Friday, April 30, 2010

Less than 7 weeks!!!!

June 15 can't some soon enough.....seriously. This pregnancy has been far more excruciating than my 2 previous ones. Physically, emotionally.....you name it! It's been worse! lol. Poor Ben! This week has been very rough physically. I was laying down after I got home from work the other night and just burst into tears for no reason. Ben came upstairs, noticed my watery eyes, and asked what was wrong. I honestly didn't know......darn hormones! lol. On the plus side, my doc's visits are going well and everything appears to be ok, so I honestly shouldn't complain!

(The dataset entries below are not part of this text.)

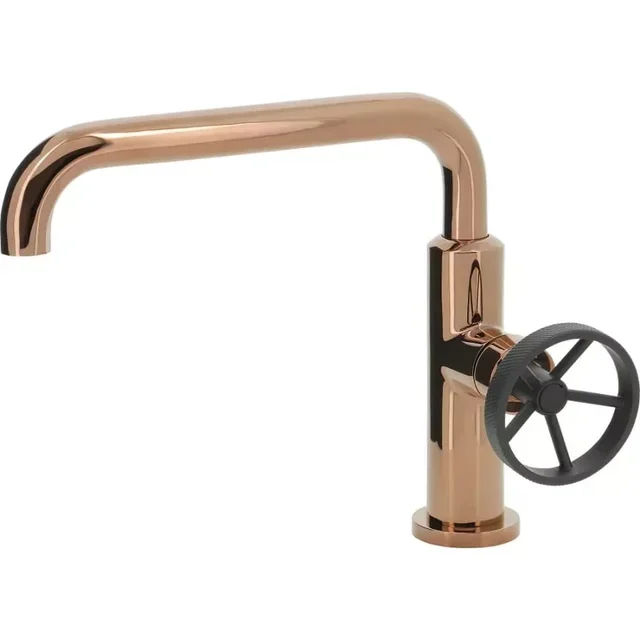 Grifo de Lavabo Oro Rosa PVD THERMADOR VAT15RG Diseño Industrial Caño Alto Cuadrado
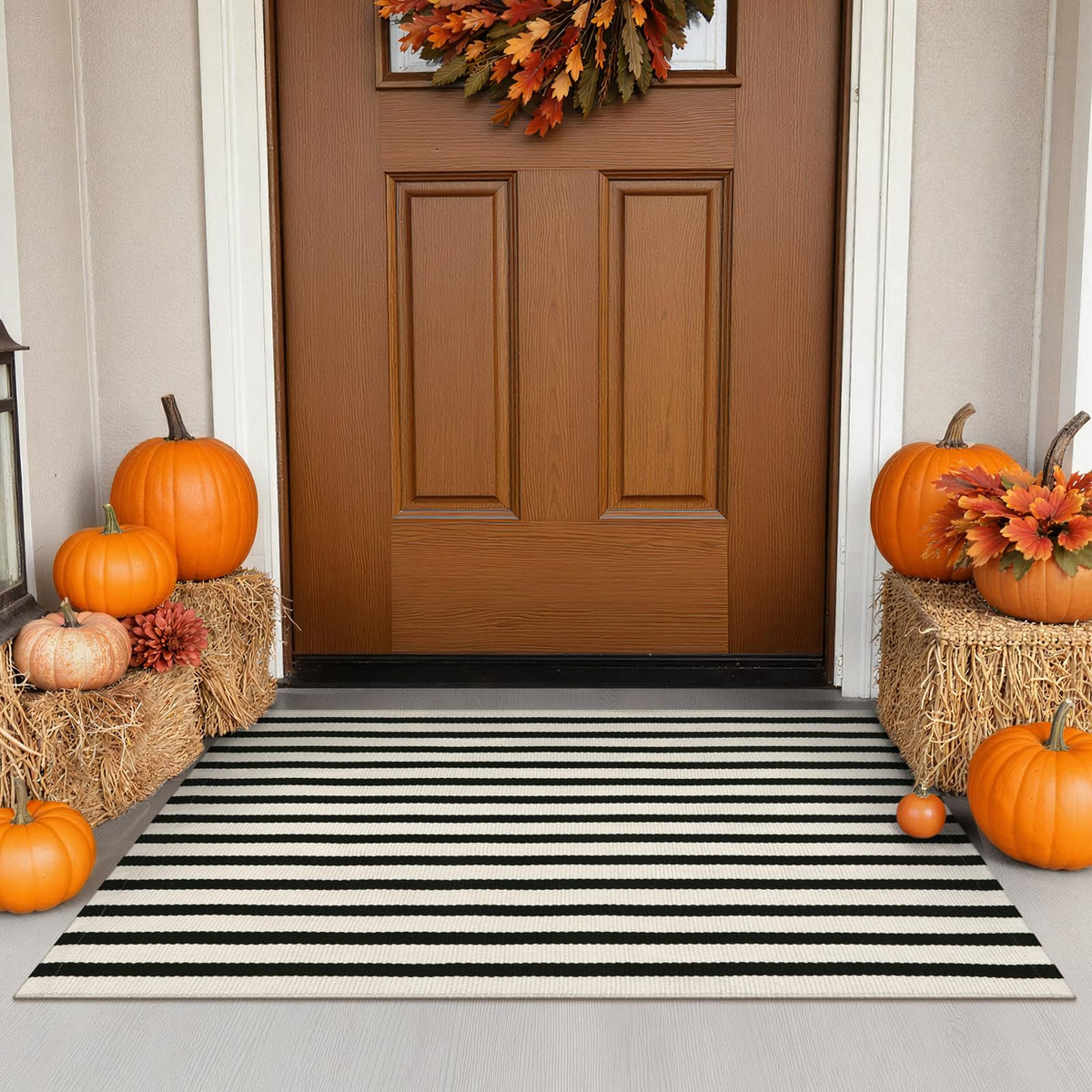 Striped Fall Door Mat 24"x51" Outdoor Rug Cotton Washable Fall Decor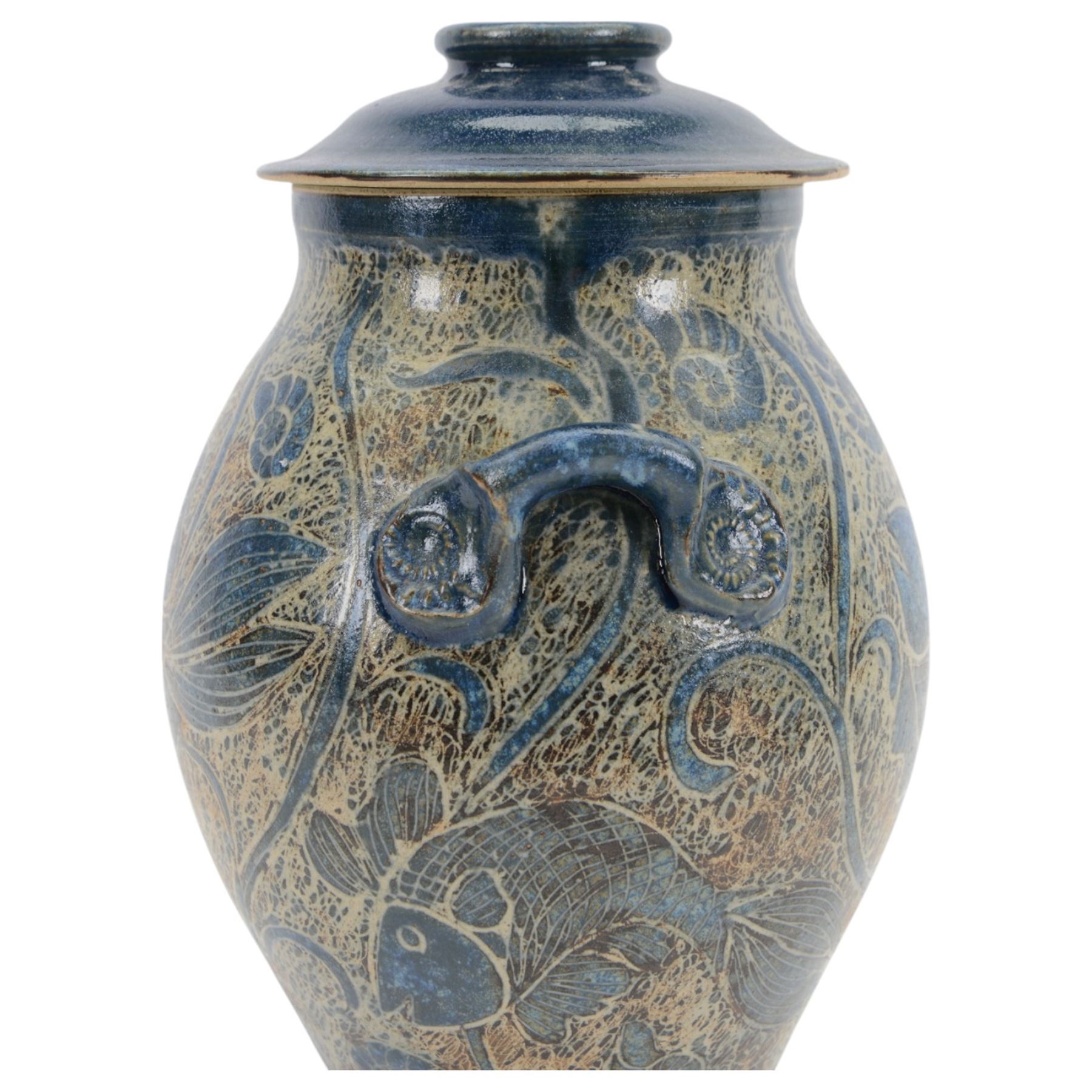 John Egerton (c1945-): studio pottery stoneware vase and cover, decorated with fish and ammonites upon a blue ground, H38cm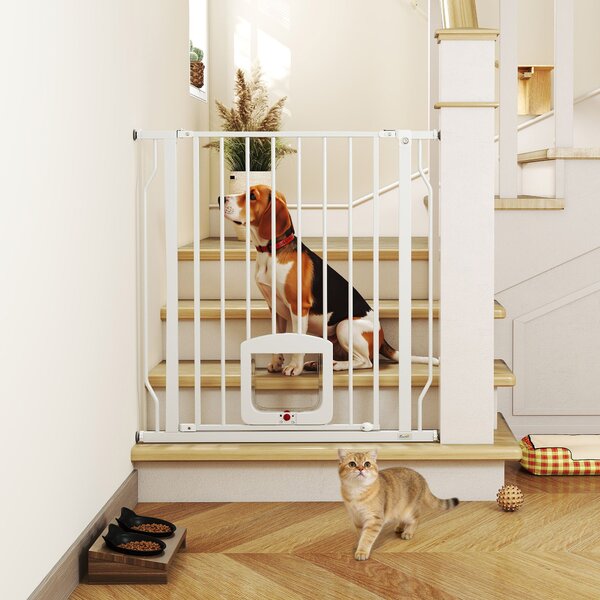 PawHut Cancello per Cani e Gatti Estensibile con Gattaiola Integrata, in Acciaio e ABS, 75-85x2x76 cm, Bianco | Aosom Italy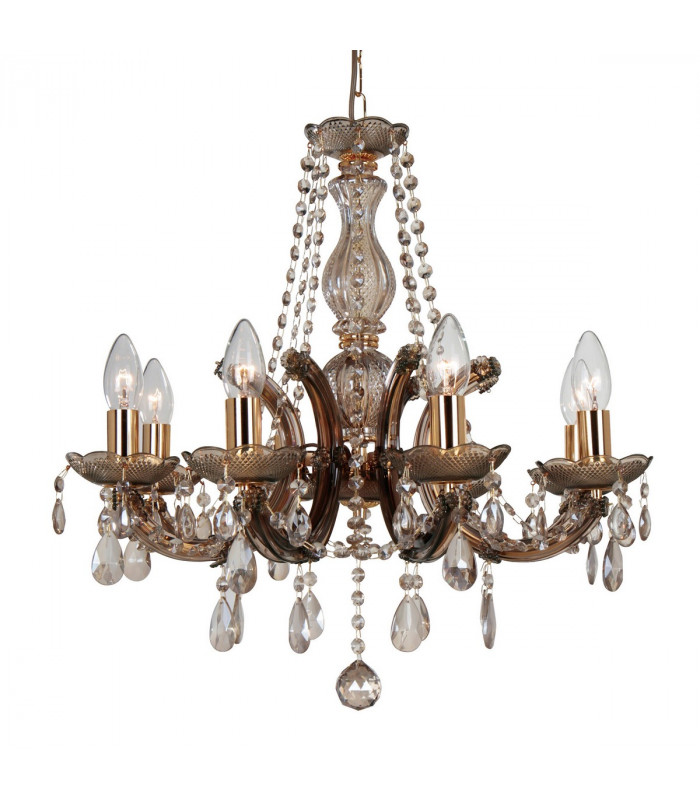 Clearance - Gabrielle Chandelier Acrylic Sconce & Glass Droplets 8 Light E14 Mink Finish-1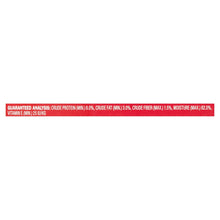 Dog food pouch back panel, red guaranteed analysis label strip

The ever present "first wife".......that issue is still present, but only rears its ugly head when something comes up. Mostly, it's the girls talking about her and part of me wants to scream "I don't care!" while the other part of me understands that was their Mom and it's somewhat natural for them to mention her....just not maybe every single day! They can still be a tad bit suffocating at times too. Especially these days, I'm tired and cranky when I get home from work and I need that quiet down time to relax before I get bombarded. They don't get that. All hell breaks loose if Ben leaves to go anywhere. It's like their opportunity to have my full attention or say things they wouldn't say in front of their dad, etc. Half the time, I go in my room and shut the door to keep my sanity! lol.

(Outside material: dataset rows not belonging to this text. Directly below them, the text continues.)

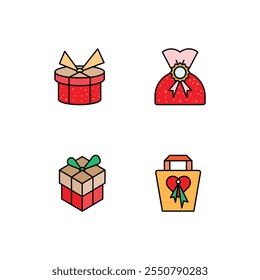 Winter Gift Icon Design Vector Symbol Set Filled Style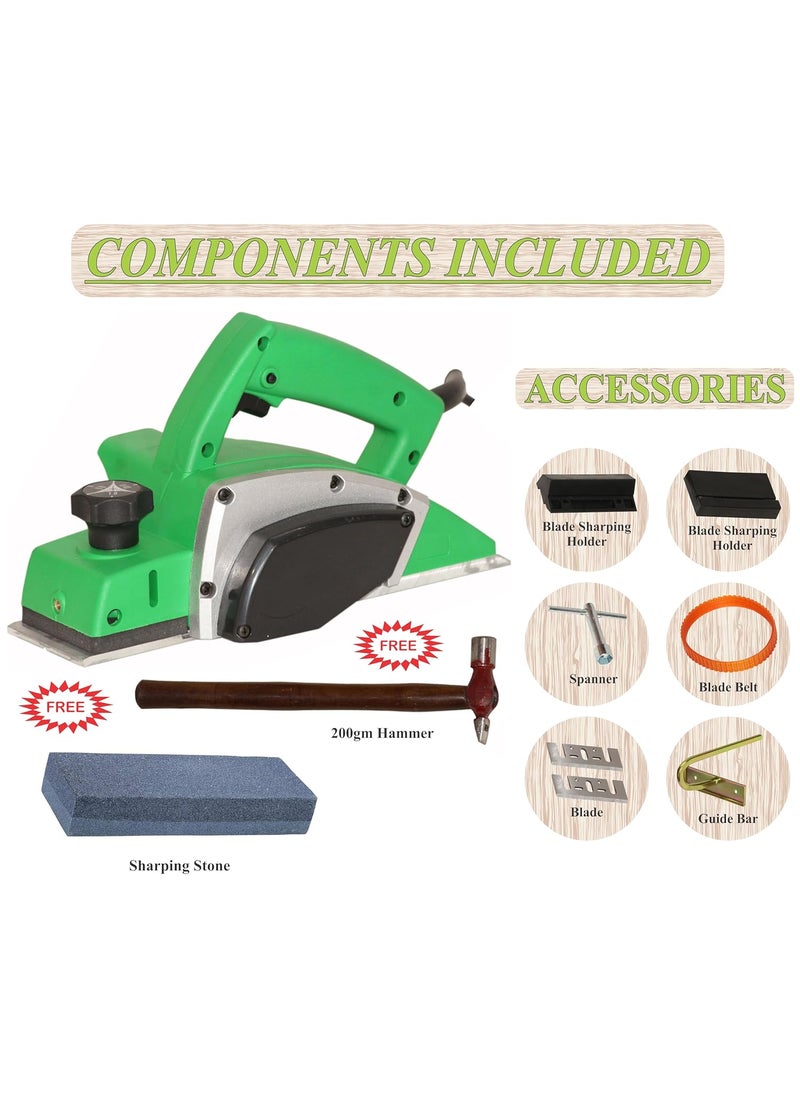 Digital Craft Digital Craft Wood Planer 1400W Machine of Carpentry HighPower MultiFunction Electric Planer Professional Woodworking Machine 82mm Electric Planer MachineSharpening StoneHammer 200 gm  - Image 2
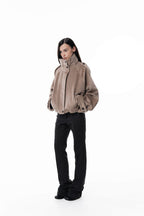 Beige High collar coat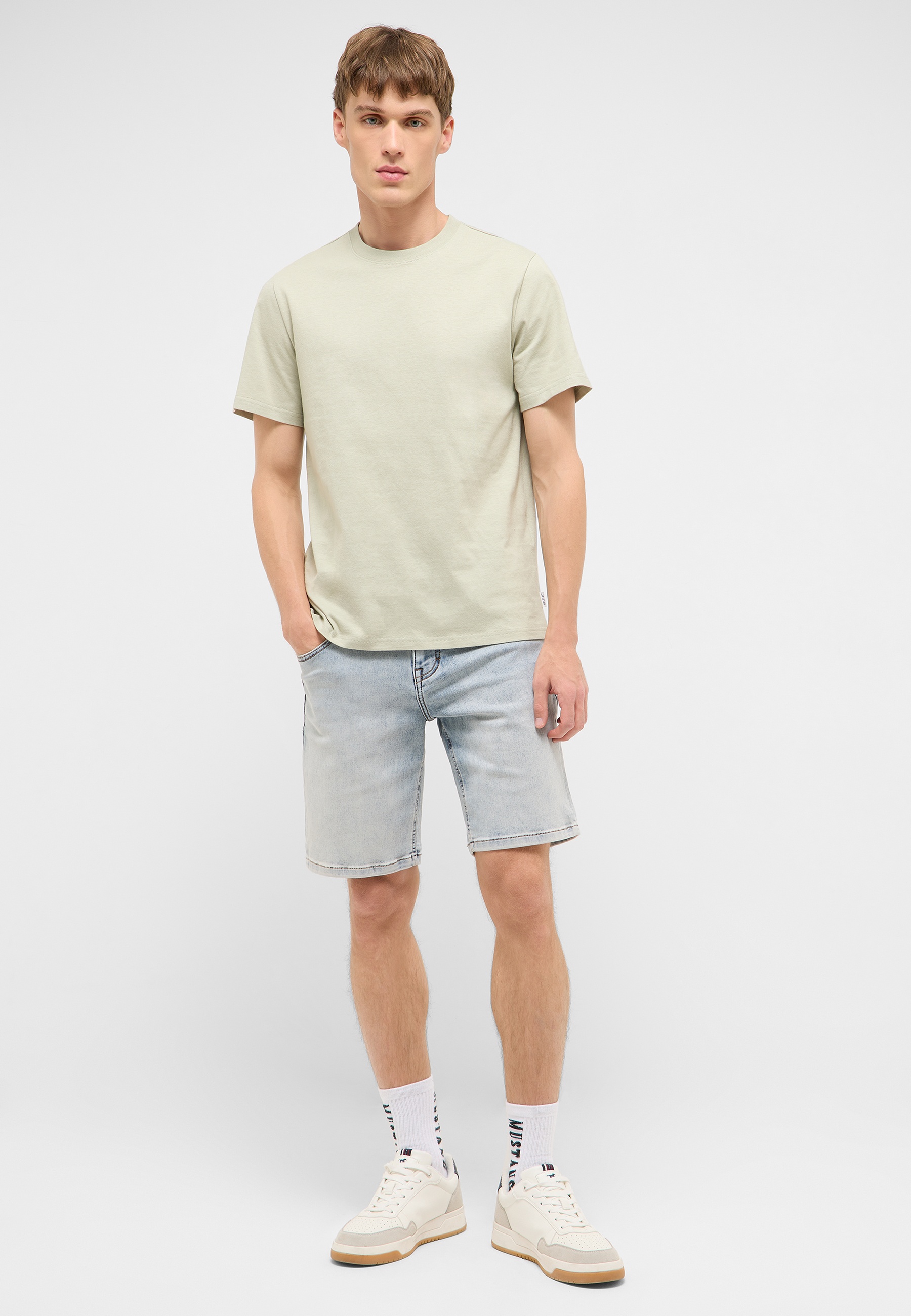 T-Shirt, Kurzarm, Beige, Unifarben, Kleidung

I think I've hit the bigger highlights! Hope you all are doing well!!! xoxo

Monday, April 19, 2010

Hola Friends!

Sorry it's been so long......I don't know why posting on here seems like such a daunting task sometimes.....Anywho, I could just say "same crap, different day" and be done with this post, but that's not very entertaining for you, is it? Here goes....

Still having some "competition" issues, but they mostly come and go. If something about her comes up, the feeling is much stronger than when things are just "normal." I've talked to my counselor about it and we're working on it. All of my issues boil down to a fear of rejection. My psycho doc hit the nail on the head when he said that all of these feelings I have are so strong b/c the love I have for Ben is very different from the love I had for Brian. The deeper I fall for Ben the greater my fear becomes of "losing him." I mean that in many different ways.....regardless, my counselor is definitely tapping into some issues, which I guess is what I pay him for anyway, right? lol.

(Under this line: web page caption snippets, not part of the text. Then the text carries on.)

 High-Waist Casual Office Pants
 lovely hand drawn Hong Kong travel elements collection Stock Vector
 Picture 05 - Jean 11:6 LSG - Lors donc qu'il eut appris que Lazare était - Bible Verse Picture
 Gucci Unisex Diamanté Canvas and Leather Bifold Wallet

8 weeks from tomorrow will be Aiden's arrival! I know it will fly, but I'm ready! Granted, there's a lot we don't have, etc, but I'm not freaking out. lol. A friend of mine is throwing me a small shower, so hopefully that can fill in the gaps of what we don't have. Sucks that I gave everything I had away, but then again, I wasn't expecting to have another baby!!!!!

So, I had to have "the talk" with the twins a couple of weeks ago. They'll be 11 next month and Britney had started her period. Oh, boy! What a jumpstart into being the mom of preteen! lol. I wasn't ready for this AT ALL. The poor girls knew NOTHING and I mean.....NOTHING! I warned Ben ahead of time that the sex talk might end up in there and was he ok with that. He was fine with it b/c he didnt' have to do it! lol. So, what a night that was! LOL. I tried to stick to the basics. At least I have good practice now for when Abby gets older! Between the twins and then doing the talk again when Taylor's ready, I'll be a pro by then! ha!

Other than that, I don't think you've missed much. Still very much in love and very happy! :) We've had our "disagreements" with lots of tears from me (gotta love hormones!) but we work it out and move on! Love you all!